Lubię sobie przeglądać cenniki samochodowe. Oczywiście ta sympatia do nich nieco maleje wraz ze wzrostem cen samochodów nowych, ale bywa to jednak nadal nad wyraz ciekawa lektura. Wiedzieliście na przykład, że część modeli Mazdy (w tym choćby CX-30) ma w standardzie reflektory diodowe, ale światła do jazdy dziennej są halogenowe? Ale dziko, co nie? I nie, to nie jest błąd w cenniku.

Liczne opcje widoczne w cennikach są kuszące
Gorzej, gdy po czasie okazuje się, że w praktycznym użytkowaniu są do chrzanu - a to wcale nie takie rzadkie sytuacje. Analogicznie bywają i przykłady pozytywne - coś, co wydaje się być zbędne, a warto to mieć. Zapraszam na krótki przegląd tego, co mieć warto i tego, za co nie warto specjalnie dopłacać (jeśli jakimś cudem nie jest w standardzie).
Za to nie dopłacaj... lub wręcz tego unikaj
Pierwszym, co przychodzi mi do głowy, jest fabryczny system nawigacji. I to nawet nie to, że sam jestem co do niego jakoś mocno uprzedzony, ale zaskakująco wiele osób zgadza się w tej kwestii ze sobą. Racji odmówić im nie można - fabryczne systemy nawigacji, jeśli nie bazują przykładowo na Mapach Google, zwykle działają mniej płynnie, mają nieaktualne mapy i tak dalej. A potrafią kosztować krocie. Są już jednak na wymarciu - lada chwila pewnie tego rodzaju opcje zupełnie znikną z rynku. Tak czy owak: raczej nie dopłacaj, chyba że godzisz się z potencjalnie gorszym prowadzeniem do celu. Nie martw się, że będziesz jeździł z telefonem przyklejonym do szyby, bo i tak będziesz korzystał z Android Auto i CarPlay.
Punkt drugi? Piano black. O tym napisano już pewnie jakieś książki, ale jestem przekonany, że nadal są na tym świecie osoby, które nie znają jeszcze... eee... walorów tego tworzywa. Jest to po prostu czarny, błyszczący plastik. Nie brakuje opinii, że w markach premium jest bardziej odporny na zarysowania, co w ogóle nie zmienia faktu, że i tak przegrywa z kurzem i odciskami palców. Ledwo wyjedziesz z salonu i już będziesz wkurzony. Jeśli tylko możesz - postaraj się kupić auto, w którym piano black nie ma lub jest go jak najmniej.

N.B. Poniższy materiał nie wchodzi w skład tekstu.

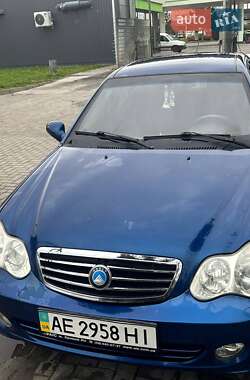 Седан Geely CK 2010 в Дубні фото Седан Geely CK 2010 в Дубні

Numer trzy to elektrycznie otwierana i zamykana klapa bagażnika. O ile jest połączona z czujnikiem pozwalającym otworzyć tęże klapę ruchem nogi pod zderzakiem, to da się to jeszcze obronić - ot, ręce pełne zakupów, machamy nogą, bagażnik się otwiera. Elegancko - chyba, że czujnik działa jak chce, to wtedy nieelegancko. A gdy czujnika nie ma w ogóle, to sensu nie widzę w tym żadnego. Jasne, ciche domykanie klapy to miły akcent, ale po pierwsze, wcale nie zawsze jest ono ciche, a po drugie... to jest powolne. Czasem bardzo powolne. Ręce ci zwiędną, gdy będziesz kurczowo trzymać rozrywające się torby z zakupami, a klapa będzie sobie wtedy spokojnie robić bzzzzzzzzzyyyyyyt...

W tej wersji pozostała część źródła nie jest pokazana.